Crawled caption data:
* * *

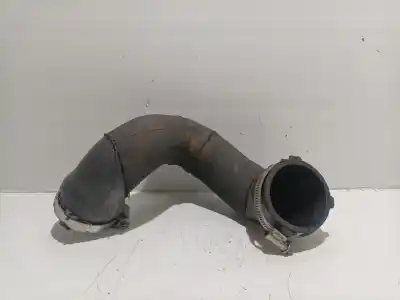 Pezzo di ricambio per auto di seconda mano Tubo Pressione Turbocompressore per AUDI A6 C6 (4F2) 3.0 TDI QUATTRO Riferimenti OEM IAM 4F0145737C 96467 96467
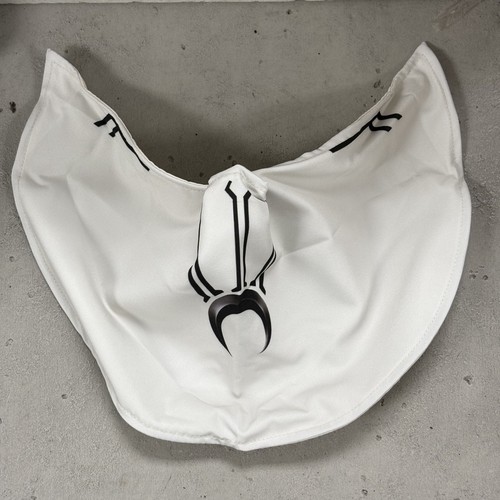 1 12 wired white - 1/12,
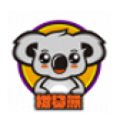 /app/jrlc/202218417.html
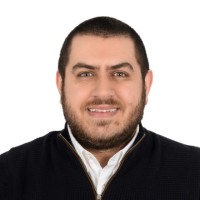 Emin Gözüm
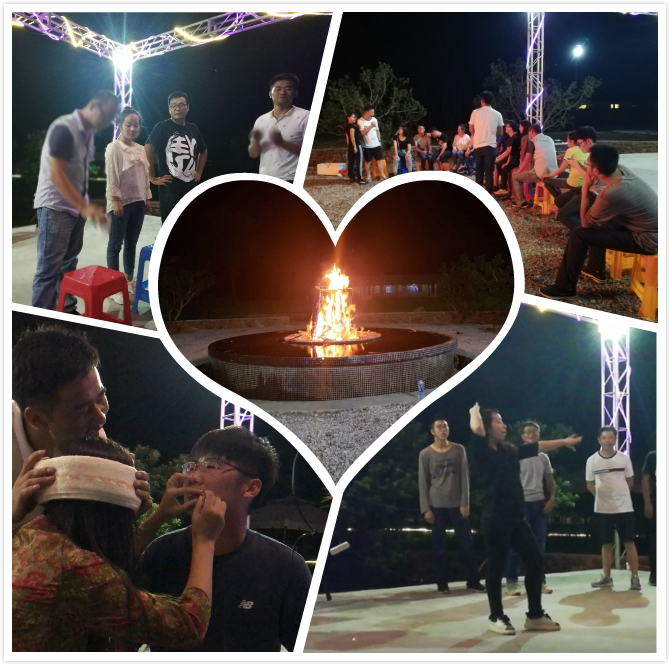 C:\Users\Administrator\Desktop\2018中秋\4.jpg C:\Users\Administrator\Desktop\2018中秋\4.jpg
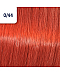 Wella Koleston Perfect ME+ Special Mix - Краска для волос (оттенок 0/44 Красный интенсивный) 60 мл, Фото № 1 - hairs-russia.ru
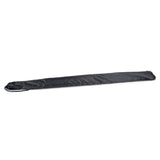 Sacadera Sonik SK-47 46" 2 Secties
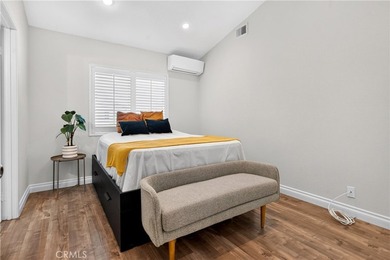 Welcome to this two-story home on a quiet Garden Grove - photo 27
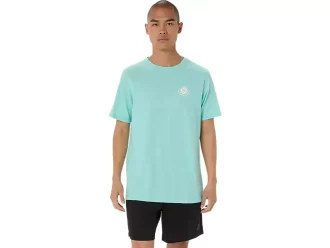 T-SHIRT PARKS EXPLORER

* * *

[Your task]:
Leave every image out and retype the entries above word for word.

[Written solution]:
 Pezzo di ricambio per auto di seconda mano Tubo Pressione Turbocompressore per AUDI A6 C6 (4F2) 3.0 TDI QUATTRO Riferimenti OEM IAM 4F0145737C 96467 96467
 1 12 wired white - 1/12,
 /app/jrlc/202218417.html
 Emin Gözüm
 C:\Users\Administrator\Desktop\2018中秋\4.jpg C:\Users\Administrator\Desktop\2018中秋\4.jpg
 Wella Koleston Perfect ME+ Special Mix - Краска для волос (оттенок 0/44 Красный интенсивный) 60 мл, Фото № 1 - hairs-russia.ru
 Sacadera Sonik SK-47 46" 2 Secties
 Welcome to this two-story home on a quiet Garden Grove - photo 27
 T-SHIRT PARKS EXPLORER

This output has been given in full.